Low levels of alcohol intake have been found to decrease risk of esophageal cancer.

The exact cause of esophageal cancer is not known. Previous research has stated it is more common in people with acid-reflux, and people with acid-reflux tend to be obese.

Other factors can also increase the risk such as:

  • Gender. It is more common in men than women.
  • Age. People over the age of 45 are at a greater risk.
  • Smoking. Amount of tobacco used and how long it is used affects risk.
  • Alcohol. Drinking a large amount over a long period of time.
  • Diet. Low fruit and vegetable diet increases risk.
  • Obesity. Being overweight can put you at a higher risk.

This particular research was based on 17 studies with information regarding giving up alcohol and risks of esophageal cancer. The authors discovered that alcohol-related risk of esophageal cancer is changeable after stopping alcohol intake, taking 16 years to return to non-drinking risk levels. They believe one half of the decrease in risk of cancer could occur within 4 to 5 years.

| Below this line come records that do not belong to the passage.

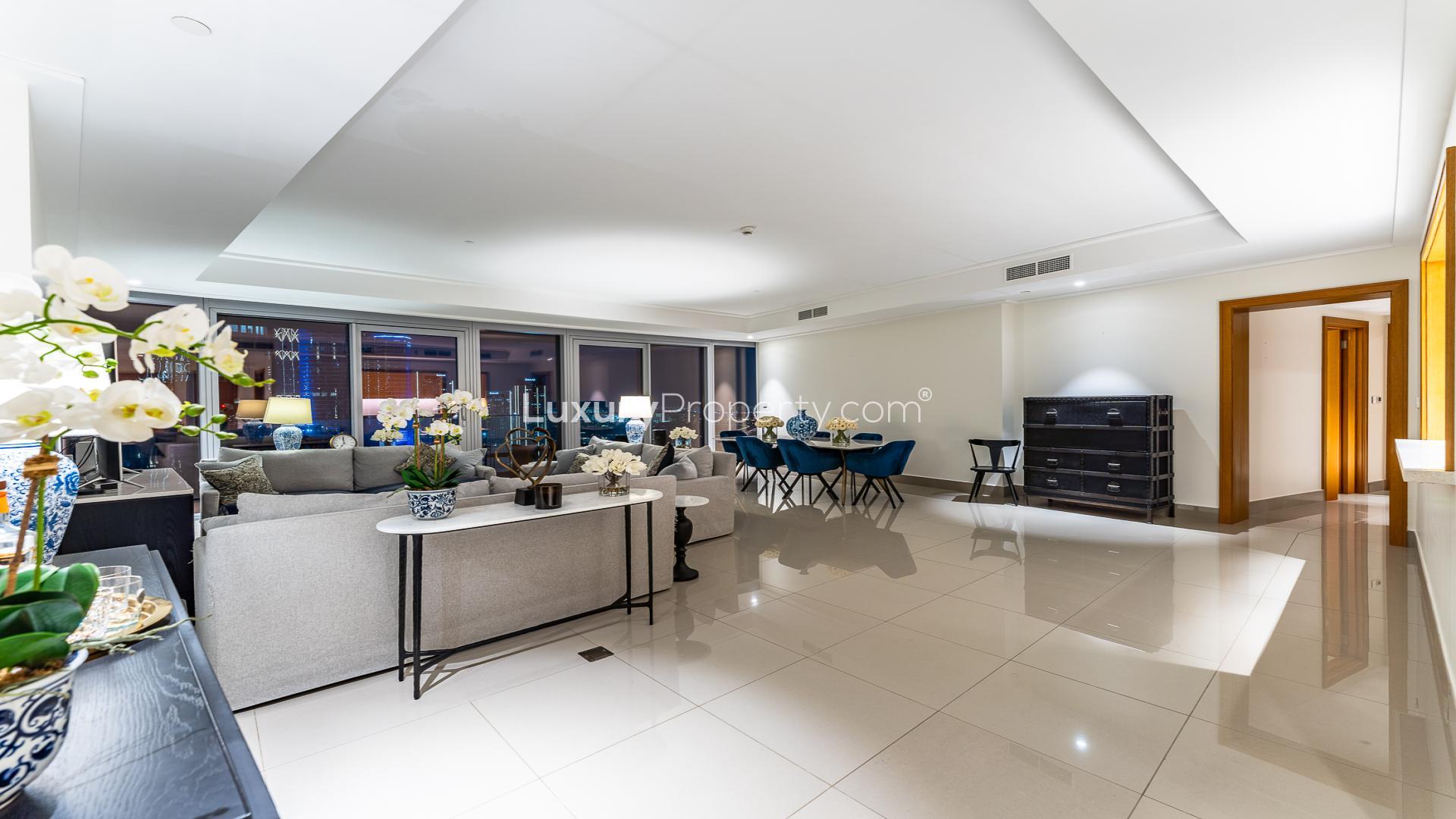 Furnished living-dining area in 4-bedroom apartment, Opera Grand, Downtown Dubai, for sale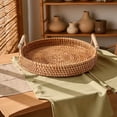 thumbnail image 1 of QUTETN Handwoven Rattan Tray with Dual Handles – Round Heat-Resistant Serving Tray for Fruit, Bread, Snacks, Tea – Home Decor & Storage Basket, 1 of 5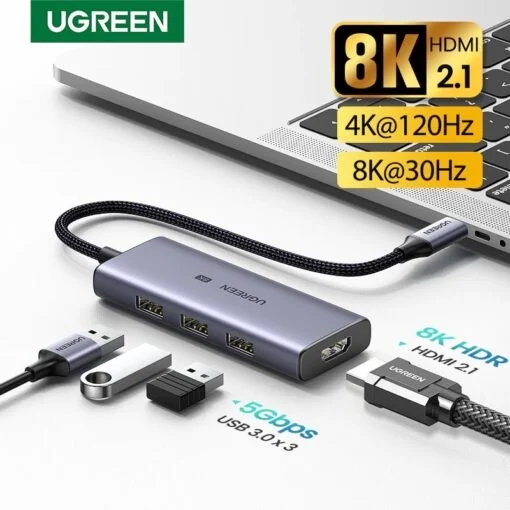 Bộ chuyển đổi USB -C sang 3*USB 3.0 + HDMI hỗ trợ 8K Ugreen (50629) — ảnh 2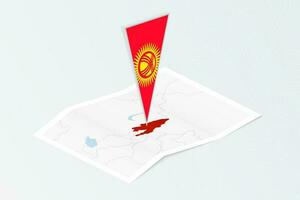 Isometric paper map of Kyrgyzstan with triangular flag of Kyrgyzstan in isometric style. Map on topographic background. vector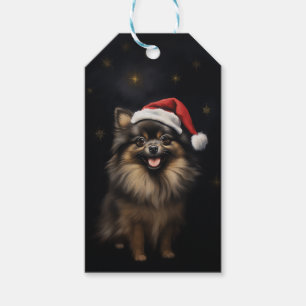 Customizable Black and Tan Pomeranian Christmas Gift Tags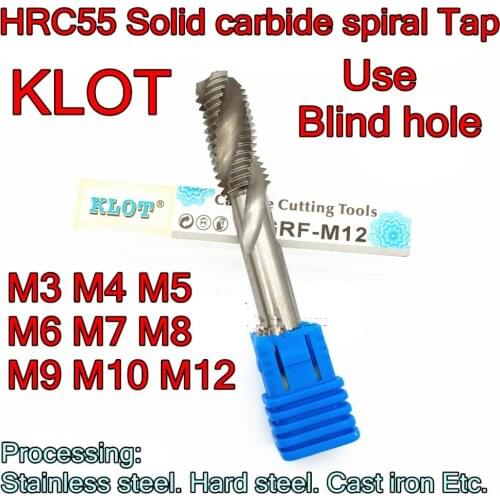 M3 M4 M5 M6 M7 M8 M9 M10 M12 KLOT HRC55 Solid carbide spiral Tap Processing: Stainless steel. Hard steel. Cast iron Etc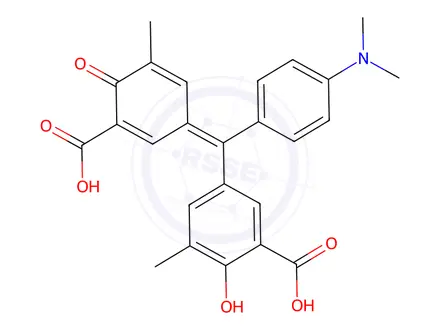 Chemical structure of 5-[(3-carboxy-5-methyl-4-oxo-2,5-cyclohexadien-1-ylidene)[4-(dimethylamino)phenyl]methyl]-3-methylsalicylic acid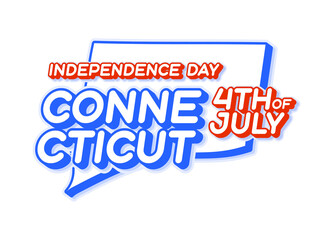 connecticut state 4th of july independence day with map and USA national color 3D shape of US state Vector Illustration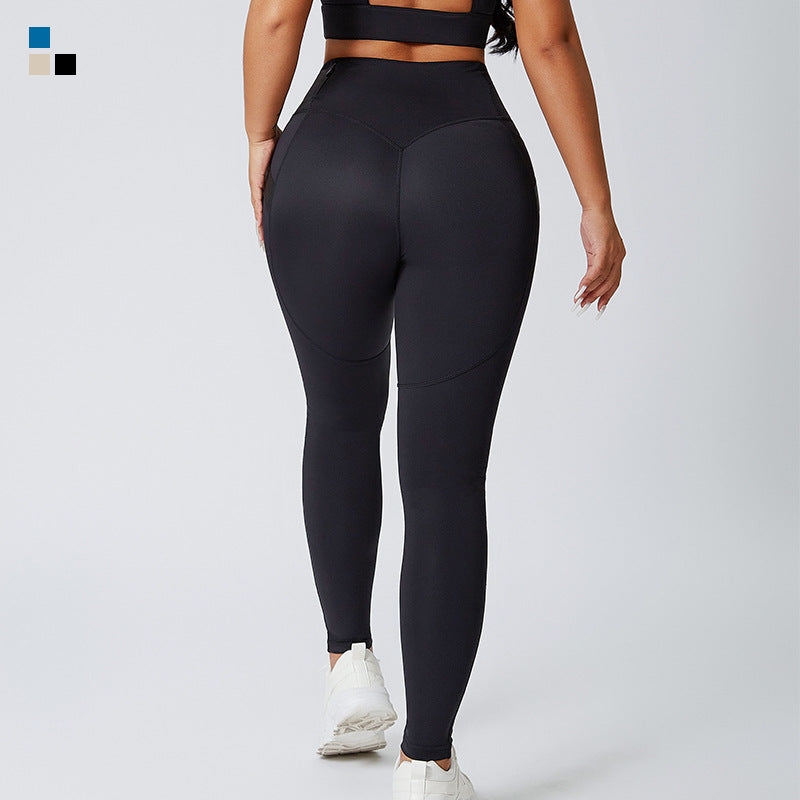 Fashionready stockflap pocket pants yoga leggings high waist tummy control butt lift fitness pants  new arrival running yoga pants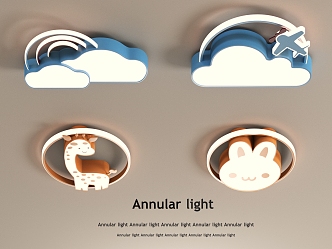 Children's room ceiling lights cartoon lights aircraft lights 3d model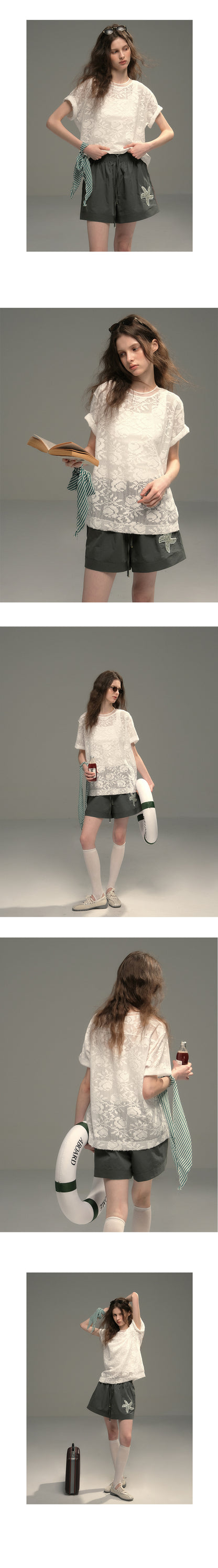 Sheer Floral Jacquard Lace T-Shirt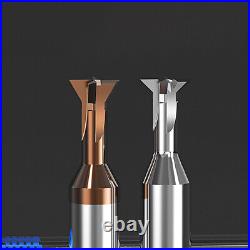 2mm-16mm Solid Carbide Dovetail Milling Cutter 45, 60 Degree CNC Aluminium Steel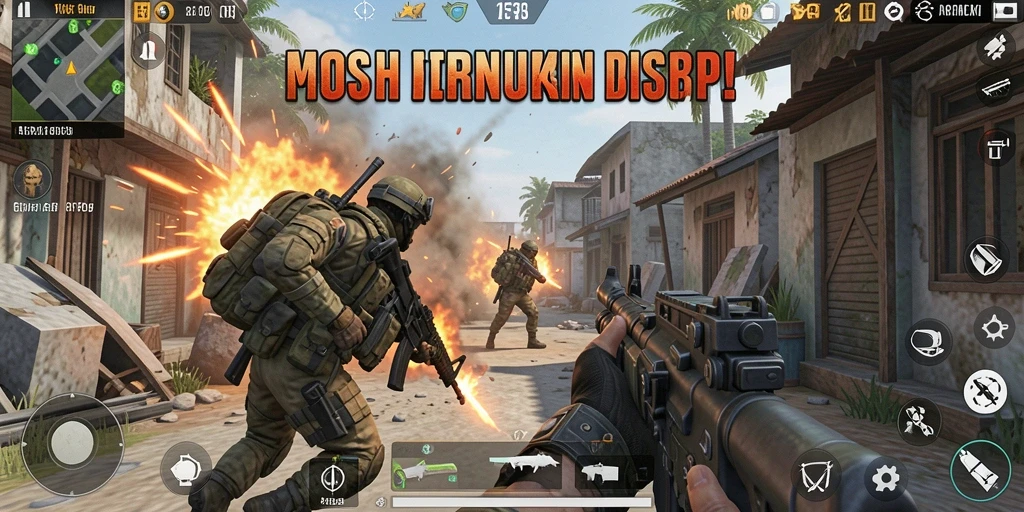 Screenshot DYO1 menunjukkan aksi pertempuran FPS yang intens dan mendebarkan.
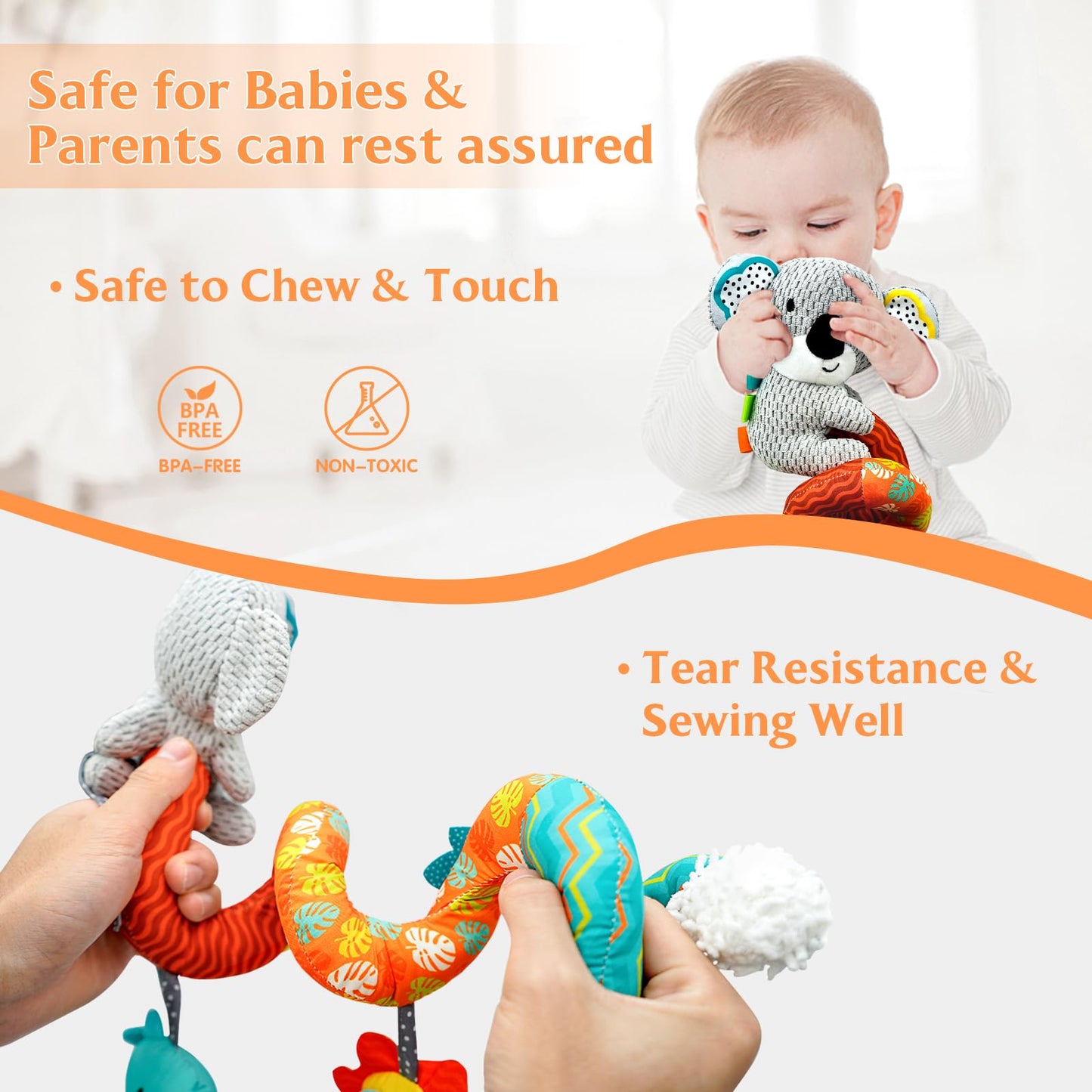 XIXILAND Car Seat Toys Baby Toys 0-3 Months Developmental, Stroller Toys Infant Toys 0-6 Months Newborn Toys, Carseat Toys for Infants 0-12 Months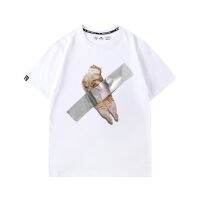 (Baixiang Flower City)   ✖ↂ Lovely Orange Cat Tape Popular Logo Original Sufeng Students Men And Women Cotton Summer Loose Couple Left Shoulder Short Sleeve T-Shirt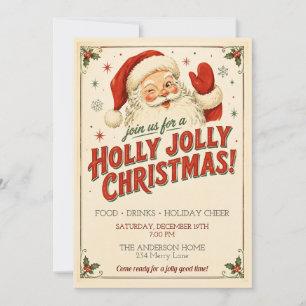 Invitación de fiesta de Navidad del Papá Noel Retr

One limitation for this study could be smoking adjustments: most upper aero-digestive cancers show a meaningful interaction between alcohol consumption and smoking in relation to cancer risk. Another is large differences that were found in the alcohol-cancer association for different regions. Also, the authors did not have data for the separation of ex-drinkers and non-drinkers, as well as no guidelines for the baseline pattern of drinking.

The important conclusion is that quitting drinking may decrease risk of esophageal cancer. Other studies suggest just reducing alcohol intake to a moderate level can be associated with lowering of cancer risk for non-smokers. Low level alcohol consumption has also been seen to have advantageous effects on diabetes, cardiovascular disease, and other medical conditions.